We could not stop gawking as we watched, awestruck, four falcons gliding in the sky, soaring and swooping, in harmonious synchronisation for a good 20 minutes.

Deep down we were all dreading the sound of a loading gun; expecting it to come any minute now. Astonishingly, even more because this was Gozo - never an island to stick to imposed laws - it never came.

What a glorious sight those birds were. What a huge lift to our spirits the moment was. I'm sorry I'm aware I'm getting carried away. You see, it was the first time in the 30 odd years I've lived here that I saw a sight so mesmerising. Usually when I look up it's all bare and bereft of anything except pigeons. The hunting ban has finally sparked a bloom in our skies.

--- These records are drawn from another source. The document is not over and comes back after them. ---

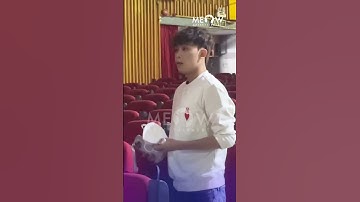 Hồ Văn Cường đeo khẩu trang kín mít có mặt sớm tại buổi duyệt chương trình cho đại nhạc hội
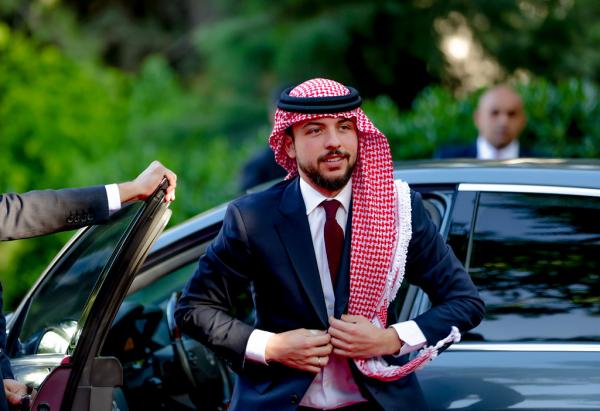 ولي العهد يصل الدوحة ونائب أمير قطر في مقدمة مستقبليه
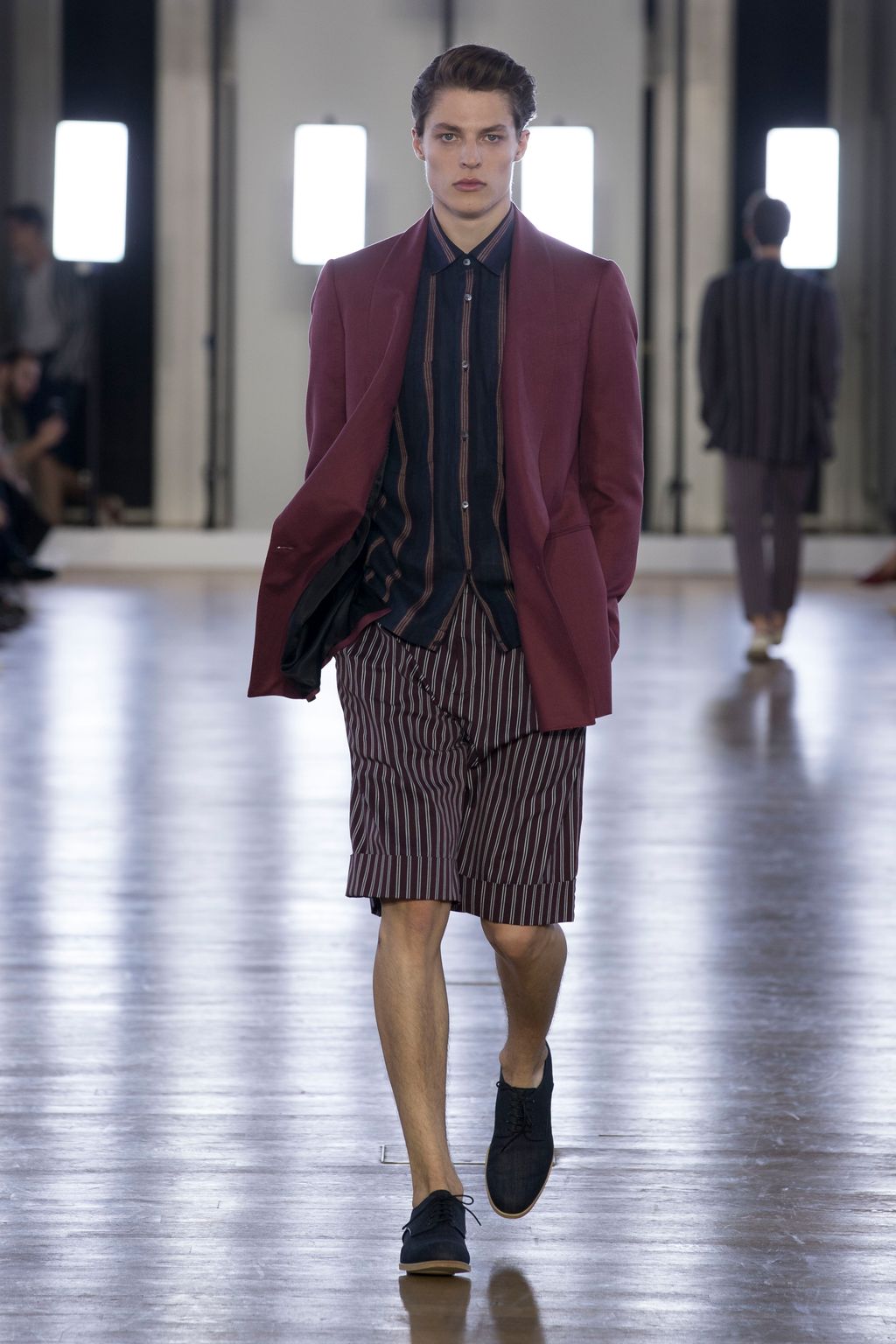 Fashion Week Paris Spring/Summer 2018 look 31 from the Cerruti 1881 collection menswear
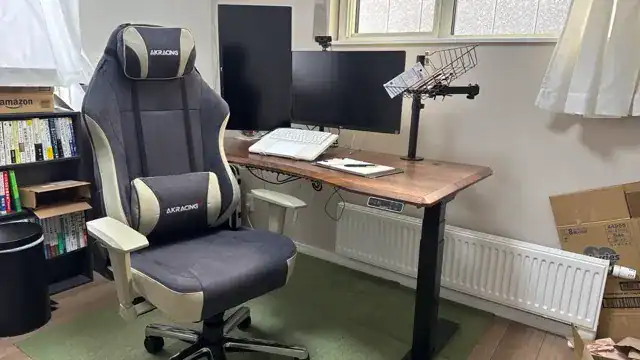 AKRacing Faura ダークネイビーを自宅デスクに設置した全体像 デュアルモニター環境での使用風景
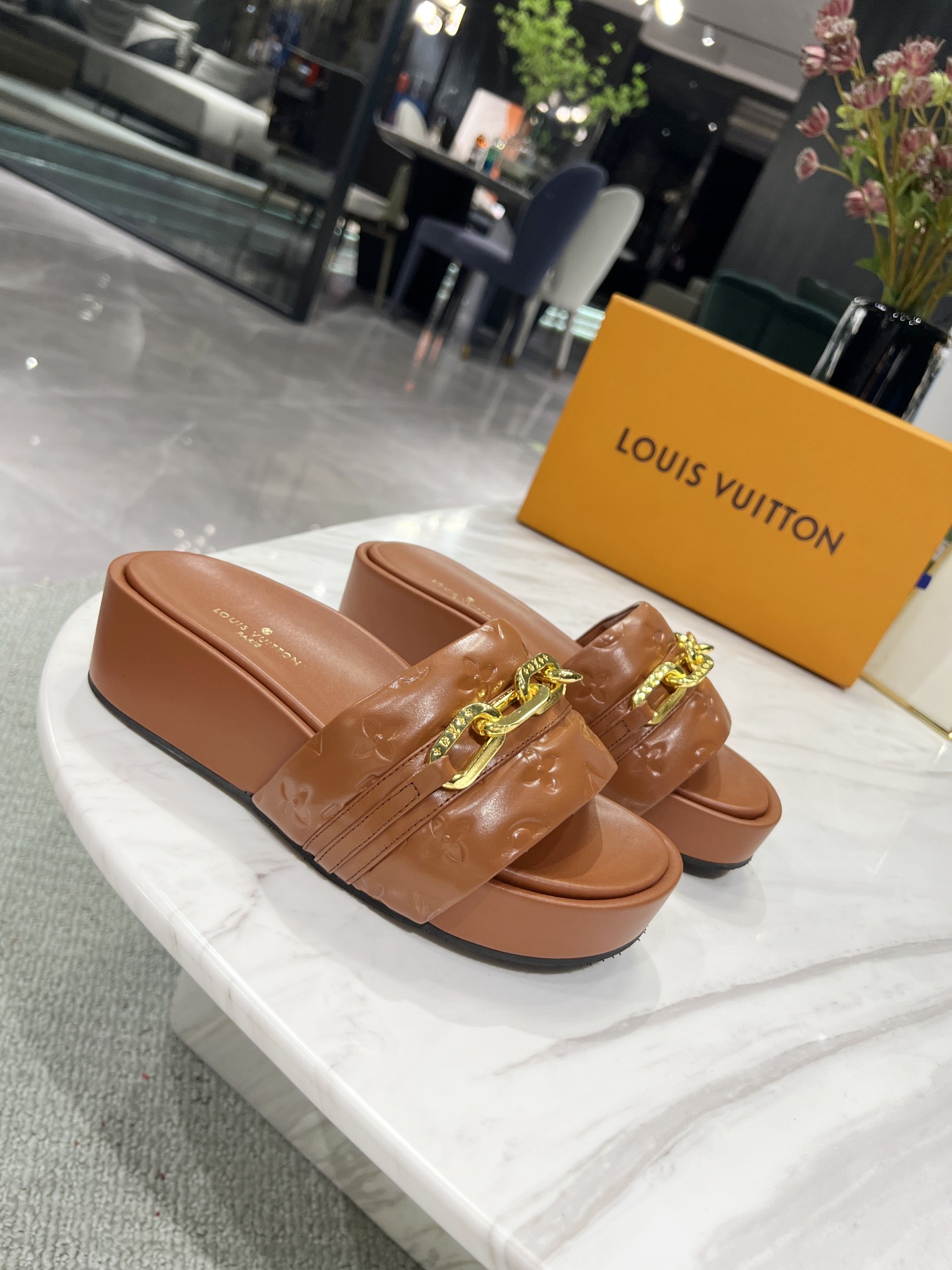 Louis Vuitton Jumbo Flatform Mule Brown For Women LV - Soul Replicas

So now we can actually enjoy spring without the fear of a hunter's wrath. We can go for a walk in the countryside without having to witness birds plunging to death from the skies. We can camp out without being trodden on or woken up at 4 a.m. by hunters who claim the site as theirs. We can picnic without our kids believing that cartridge pellets are part of the soil texture, without them seeing the evidence of early morning hunting everywhere.

And if this all sounds like Mills and Boon writing then I make no apology. I don't know how to impart relief other then enthusiastically. No one is happier than me that the spring hunting season was closed last year and closed again this year.

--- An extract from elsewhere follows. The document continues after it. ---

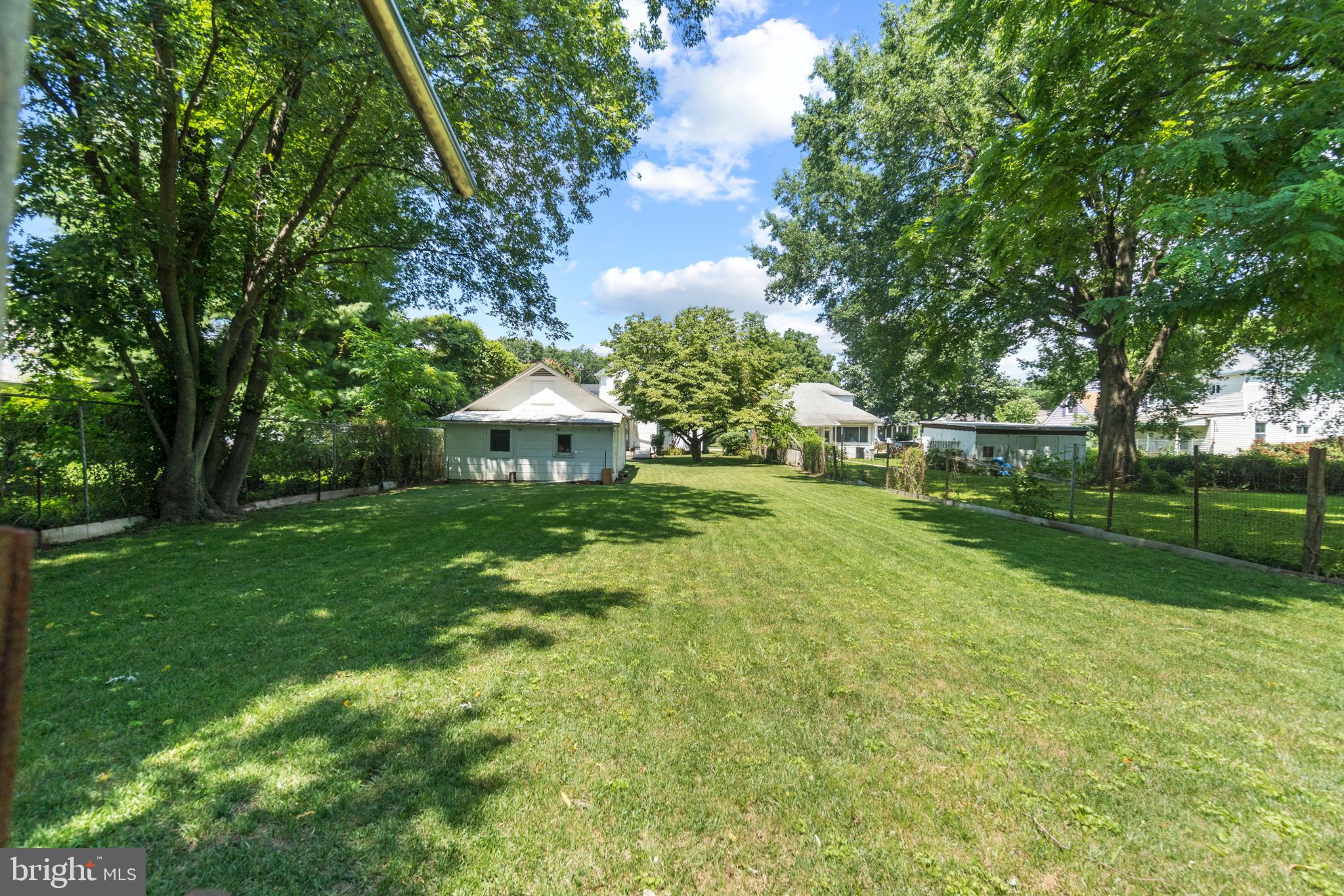 BRENTWOOD - Residential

Hunting has been impover-ishing our lives - cruelly depriving us of the beauty of nature around us.

So no one cringed more than me when I read last week of Malta's 'do-or-die hearing' before the European Court of Justice to retain spring hunting.

The European Commission, which took Malta to court, holds that under the EU's Birds Directive, the island cannot allow hunting to take place in the rearing and reproduction season.

Malta - which up to last year was implementing a transition period which allows hunting to take place in different seasons where "there is no other satisfactory solution" - is insisting that a ban on spring hunting would effectively mean the end of hunting on the island as too few birds are available for hunting during the autumn season.

We are being represented by our Attorney General. But the truth universally acknowledged is that he is only representing a minority percentage of our society. Most of us are fervently hoping that when the judges give their ruling in about five months, Malta loses the case and the spring hunting ban stays. It will be an anxious wait.

In an odd way, although I can never understand the thrill of the kill, I do sympathise with the hunters. Theirs is a fascinating, inward-looking world full of determined individuals with a deep, passionate love of what they do. They have intricate, superbly followed traditions and rituals and to lose that which they have been doing for a lifetime must be for them like losing a language.

But the problem is that hunters think hunting is Malta's way of life. It isn't. Hunts exist for hunters, not for farmers whose land they cross, not for the rest of us who want to see birds live and not on television and certainly not for the welfare of the hunted.

Hunting is finally being hunted. That is why hunters have to understand that this has to be a compromise. Surely no one is expecting hunters to simply give up hunting and take up golf.

But then they have to accept the fact that there is no longer a place for spring hunting in a modern, humane society.